The United States faces intense competition from foreign countries, especially China, who seek to persuade highly skilled citizens who have settled in our country to return home to start businesses there, according to a report released Tuesday by an immigration group led by Mayor Michael R. Bloomberg of New York.
“China is proving the most aggressive and ambitious” among the United States’ economic competitors in seeking to reverse a brain drain and lure back their scientists, engineers and entrepreneurs, the report by Mr. Bloomberg’s group, the Partnership for a New American Economy, found.
The report is broadly critical of the American immigration system, which says is slow, inflexible and not in sync with the nation’s labor needs. “Self-inflicted economic wounds” caused by the system, the report says, discourages foreigners from investing and blocks foreign students with advanced degrees from American universities from remaining here.
Two years ago, China started a program focused on “talent development” to draw in Chinese who studied or worked abroad, according to the report. China offers bonuses equivalent to about $158,000 to experienced university professors and researchers, particularly in the sciences and technology, who return to teach.
Returning scholars and business people are offered housing subsidies and even tax exemptions to locate new enterprises in government-designated districts. One program is designed to attract Chinese expatriates who hold overseas patents in specialized science fields, the report found. China is also recruiting Chinese managers in high-level positions in non-Chinese companies.

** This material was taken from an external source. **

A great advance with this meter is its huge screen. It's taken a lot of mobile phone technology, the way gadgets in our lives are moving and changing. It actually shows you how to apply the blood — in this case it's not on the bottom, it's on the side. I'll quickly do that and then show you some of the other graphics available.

A review of the results of the Chinese program showed that 55 percent of Chinese who returned under its auspices came from the United States.
Last year, the study found, about 160,000 students from China were enrolled in American universities, more than from any other country, and they were far more likely than Americans to be studying engineering, science or technology. While the growth of American students in those fields is “among the lowest of any academic category,” the analysis reported, about 60 percent of foreign graduate students in this country in 2010 were enrolled in those subjects.

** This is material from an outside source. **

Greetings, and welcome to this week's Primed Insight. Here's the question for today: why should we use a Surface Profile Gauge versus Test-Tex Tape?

With limits on residence visas for foreign students graduating from American universities, thousands have been forced to leave in recent years. The United States has no visa for foreign entrepreneurs with novel ideas for starting businesses here, unless it is in the national interest and even that visa is incredibly difficult to meet the requirements.
Canada and other countries are also vigorously recruiting highly skilled foreigners trained in the United States who are frustrated with the cumbersome immigration system here, according to the report.

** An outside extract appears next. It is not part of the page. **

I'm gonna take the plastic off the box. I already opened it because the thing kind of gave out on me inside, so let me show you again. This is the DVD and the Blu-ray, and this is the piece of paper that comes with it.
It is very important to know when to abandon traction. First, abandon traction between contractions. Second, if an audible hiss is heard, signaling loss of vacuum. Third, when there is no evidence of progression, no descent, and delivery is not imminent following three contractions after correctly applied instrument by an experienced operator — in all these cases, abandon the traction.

Singapore gives a one-year visa as well as matching funds to foreign entrepreneurs who invest $50,000, with the possibility of renewal. Chile offers work visas and subsidies up to $40,000 to technology entrepreneurs who go there to start businesses.
Mr. Bloomberg has been an outspoken advocate for immigration, saying it has been vital to the continued growth of New York. The report dismissed as a “short-term challenge” the lingering high unemployment in this country that has generated forceful resistance to expanding immigration in Congress.
In a move Tuesday that showed progress in the American system, but also highlighting its inefficiencies, U.S. Citizenship and Immigration Services, the agency that grants immigration documents, started a Web site where for the first time foreigners can apply electronically. Until now, all procedures have been done on paper.
Alejandro Mayorkas, the agency’s director, called the Web site a “significant milestone” in its history.
For now, though, the site will handle only one type of application, for temporary visitors who want to stay longer. The agency hopes all documents will be processed electronically “within the next few years,” said Christopher Bentley, an agency spokesman.
While the change by USCIS is significant to making the process less cumbersome and more manageable for foreign travelers, until those changes can also apply to helping retain talented individuals, the reverse “brain drain” will continue so long as the U.S. remains in a recession.